Insights into Automatic Machine Translation Evaluation: Reference Quality Matters
In the paper "BLEU might be Guilty but References are not Innocent," the authors critically examine the evaluation methodologies utilized in assessing machine translation (MT) quality, specifically focusing on the interplay between automatic metrics and the reference translations they rely on. The central hypothesis they explore is that traditional reference collections may inadvertently bias automatic metrics like BLEU, particularly favoring outputs that mimic the style of translationese. Consequently, the paper investigates alternative reference preparation techniques, with a focus on enhancing their diversity and decreasing translationese artifacts.
Highlights and Methodology
The authors argue that the quality of reference translations is paramount in ensuring reliable automatic metrics evaluation. Their paper demonstrates that references typically collected with conventional human translation methodologies exhibit poor diversity, which can lead to bias in automatic evaluations and inaccurately penalize systems producing fluent and adequate outputs. To address this issue, they propose a novel paraphrasing approach, wherein linguists are tasked with producing diverse paraphrased versions of the reference translations.
The methodology involves collecting multiple types of references for the WMT 2019 English-German translation task. In addition to traditional reference translations, the authors collected additional human translations and instructed linguists to produce paraphrased references. This allowed them to investigate how paraphrasing can impact metric reliability, particularly in improving correlation with human assessments.
Numerical Results and Observations
The paper presents empirical evidence that paraphrased references yield higher correlation with human judgments across several automatic evaluation metrics, including BLEU, BERTScore, and Yisi. This correlation was particularly prominent in high-quality system submissions, suggesting paraphrased references provide a more accurate evaluation in competitive scenarios.
Additionally, the authors tested multi-reference BLEU approaches, comparing traditional multiple reference sets with novel compositions using high-quality selections among alternatives. Despite conventional assumptions, multi-reference BLEU did not demonstrate enhanced correlation with human evaluation compared to single-reference BLEU when references shared similar translationese characteristics.
Implications and Future Directions
The findings of this paper hold significant implications for the development and evaluation of MT systems. Firstly, the results suggest that automated metrics might systematically undervalue techniques known to produce more natural outputs, such as back-translation and automatic post-editing augmentation, due to biases toward translationese-style references. Consequently, the research underscores the necessity for reevaluating evaluation frameworks to accommodate more diverse and nuanced reference sets.

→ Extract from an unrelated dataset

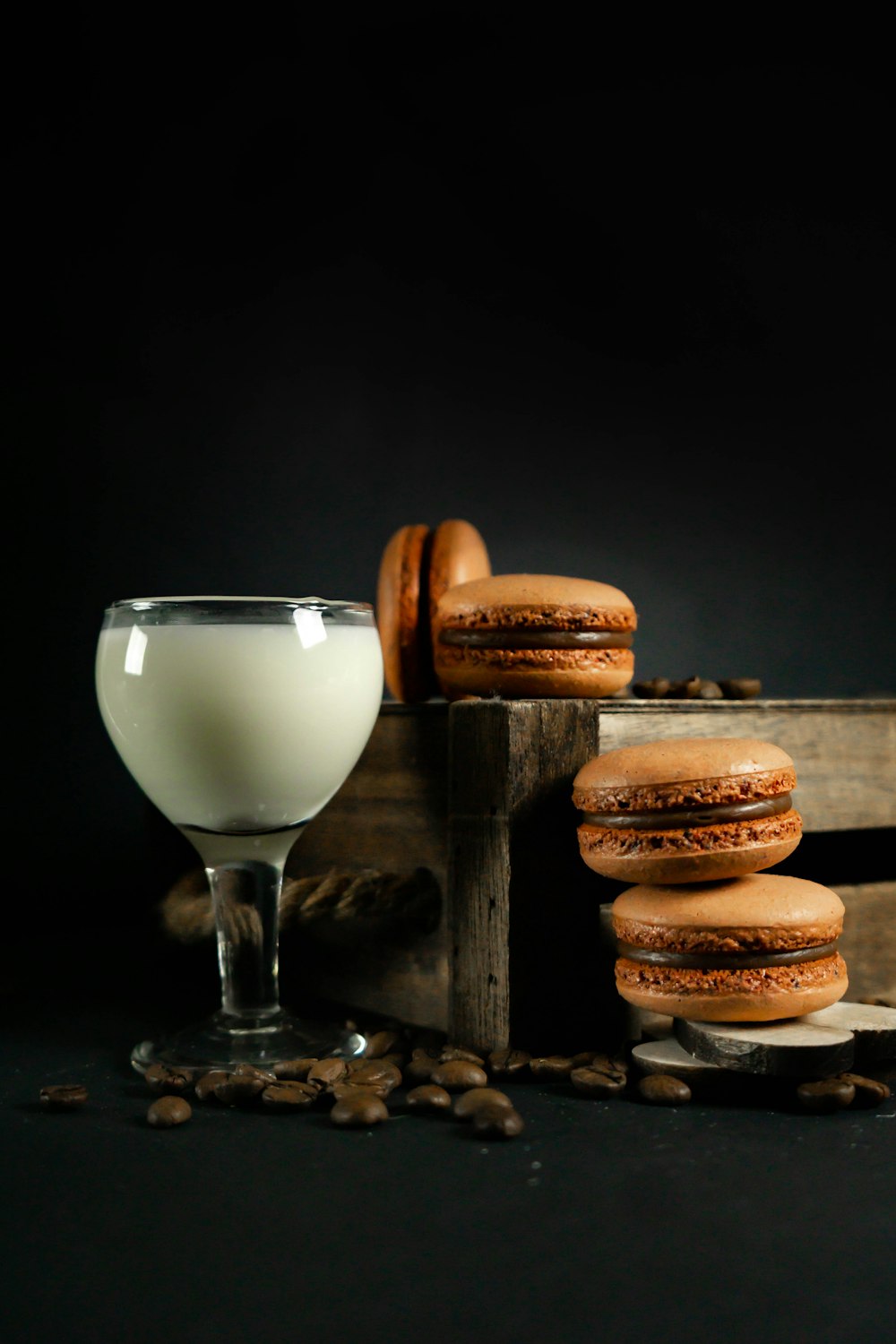 a glass of milk and some cookies on a table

Given these insights, future developments in AI could focus on refining paraphrasing methodologies to further increase the fidelity of automated evaluations. Additionally, while paraphrasing enhances correlation with human judgments, the complexity it introduces in human evaluation should prompt further investigation into how rating methodologies might be adapted or expanded to improve assessment reliability.
Ultimately, the paper advocates for industry-wide adoption of diversified reference translations, particularly favoring paraphrasing in assessing MT outputs. The release of their paraphrased reference datasets invites the broader research community to reassess previous reliability claims and desirably recalibrate evaluation processes to account for more naturally fluent outputs.